In a strange way, I often forget that it’s even possible for my mom to have influenced my life at all, since she died when I was only eight. So throughout my life, my heart has always leapt a little in surprise whenever someone would say that I did something “just like Sharon.” It was never surprising when I heard that I looked just like her since, based on photographs, I know that I did. But when it came to behavioral things or mannerisms, that always delighted me most because I knew it was totally unconscious on my part, because it somehow proved that she really was my mother, that she was really part of my body on a level I couldn’t deny.
So, sidling up to the edge of the stage at Martyrs, I chatted with the drummer (I think?) for a bit, and mentioned how I’d been at that show at the University of Southhampton. It was a pleasant enough exchange, and, like I say, one of my more relatively successful as far as playing it cool, though I retroactively have to believe that he was probably more than a bit taken aback by being accosted by this loud American girl when his brain was probably barely coasting along on post-show fumes.

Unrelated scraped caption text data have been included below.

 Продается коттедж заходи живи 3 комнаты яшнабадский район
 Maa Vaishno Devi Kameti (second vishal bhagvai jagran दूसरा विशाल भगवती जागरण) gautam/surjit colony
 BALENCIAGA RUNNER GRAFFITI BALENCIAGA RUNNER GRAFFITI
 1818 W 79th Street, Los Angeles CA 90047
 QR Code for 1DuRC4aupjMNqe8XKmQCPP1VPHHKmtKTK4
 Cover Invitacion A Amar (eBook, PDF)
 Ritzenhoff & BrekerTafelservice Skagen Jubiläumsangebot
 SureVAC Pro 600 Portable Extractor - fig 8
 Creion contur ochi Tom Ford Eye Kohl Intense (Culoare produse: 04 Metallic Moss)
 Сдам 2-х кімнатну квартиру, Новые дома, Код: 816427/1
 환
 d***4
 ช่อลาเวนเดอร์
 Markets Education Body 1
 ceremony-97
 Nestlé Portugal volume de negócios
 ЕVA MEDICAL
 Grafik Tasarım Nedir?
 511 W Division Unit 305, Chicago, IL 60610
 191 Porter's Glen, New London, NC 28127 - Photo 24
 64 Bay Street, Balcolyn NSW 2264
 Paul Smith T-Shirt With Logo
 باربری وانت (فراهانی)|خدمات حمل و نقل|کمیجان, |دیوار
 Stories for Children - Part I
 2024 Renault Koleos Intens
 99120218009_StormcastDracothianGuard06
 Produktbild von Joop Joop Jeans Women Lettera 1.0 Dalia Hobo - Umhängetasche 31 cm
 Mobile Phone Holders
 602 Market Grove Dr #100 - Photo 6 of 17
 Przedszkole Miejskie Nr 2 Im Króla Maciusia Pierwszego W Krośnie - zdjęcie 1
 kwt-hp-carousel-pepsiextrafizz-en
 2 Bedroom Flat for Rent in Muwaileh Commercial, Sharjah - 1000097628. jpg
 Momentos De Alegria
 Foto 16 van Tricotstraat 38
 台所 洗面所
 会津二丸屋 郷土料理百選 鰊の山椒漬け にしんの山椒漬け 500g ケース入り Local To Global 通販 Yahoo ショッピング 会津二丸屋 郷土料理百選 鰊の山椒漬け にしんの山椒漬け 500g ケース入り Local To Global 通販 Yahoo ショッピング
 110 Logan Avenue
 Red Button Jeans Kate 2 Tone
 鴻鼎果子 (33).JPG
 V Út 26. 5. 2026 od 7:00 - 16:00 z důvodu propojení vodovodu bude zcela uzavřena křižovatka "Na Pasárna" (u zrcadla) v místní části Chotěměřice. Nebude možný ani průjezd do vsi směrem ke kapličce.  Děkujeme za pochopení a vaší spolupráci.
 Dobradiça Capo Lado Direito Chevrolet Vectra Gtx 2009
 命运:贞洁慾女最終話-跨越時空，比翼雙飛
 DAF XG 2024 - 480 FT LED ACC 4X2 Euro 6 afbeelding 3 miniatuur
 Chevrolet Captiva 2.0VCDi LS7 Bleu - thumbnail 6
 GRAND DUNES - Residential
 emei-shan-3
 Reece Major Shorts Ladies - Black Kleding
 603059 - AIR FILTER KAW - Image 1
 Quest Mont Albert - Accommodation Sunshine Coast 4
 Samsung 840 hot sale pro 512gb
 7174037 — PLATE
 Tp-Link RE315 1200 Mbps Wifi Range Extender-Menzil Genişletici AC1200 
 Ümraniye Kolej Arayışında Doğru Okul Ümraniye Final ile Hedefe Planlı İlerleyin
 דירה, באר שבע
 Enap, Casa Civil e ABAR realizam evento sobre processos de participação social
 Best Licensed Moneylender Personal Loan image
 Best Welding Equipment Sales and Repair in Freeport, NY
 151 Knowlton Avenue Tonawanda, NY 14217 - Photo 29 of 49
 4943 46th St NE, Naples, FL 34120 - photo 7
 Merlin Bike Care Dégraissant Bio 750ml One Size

Even at the time, though, I think I was secretly relieved that Neil had made himself scarce, eliminating all possibility that I would be tempted to try to interact with him. Because really, what would there be for me to say to him? Other than expressing gratitude for the years of joy that his music has brought me, I can’t think of anything I’d want to talk to him about. Unlike, say, Robert Fripp, whose brain I would love to dive into and swim around in for a while, I don’t need much more from Neil Hannon than what he’s already given me in his music.
I recognize now that so many of the wearying behaviors of my twenties—like forcing myself into conversations with musicians after gigs—were misguided attempts to assure myself of my own internal worth and viability as a creative person. What I was actually trying to replicate in trying to talk to my indie rock heroes after small club shows was the way my father, not my mother, would have conversations with musicians and actors that he already knew after we went to local theater performances when I was a child.
The glamor of hanging around the auditorium after the house lights came up, standing at his elbow as he laughed and kibitzed with his friends and creative comrades who only moments earlier had been in the spotlight singing and playing for a large crowd, will always inform my idea of what it means to be a part of a larger creative community. And not only to be a part of that community but to be valued for one’s contributions to it. Even when my father didn’t know someone personally, he or she inevitably knew him by reputation as a talented musician and tough but enthusiastic critic and received his praise accordingly.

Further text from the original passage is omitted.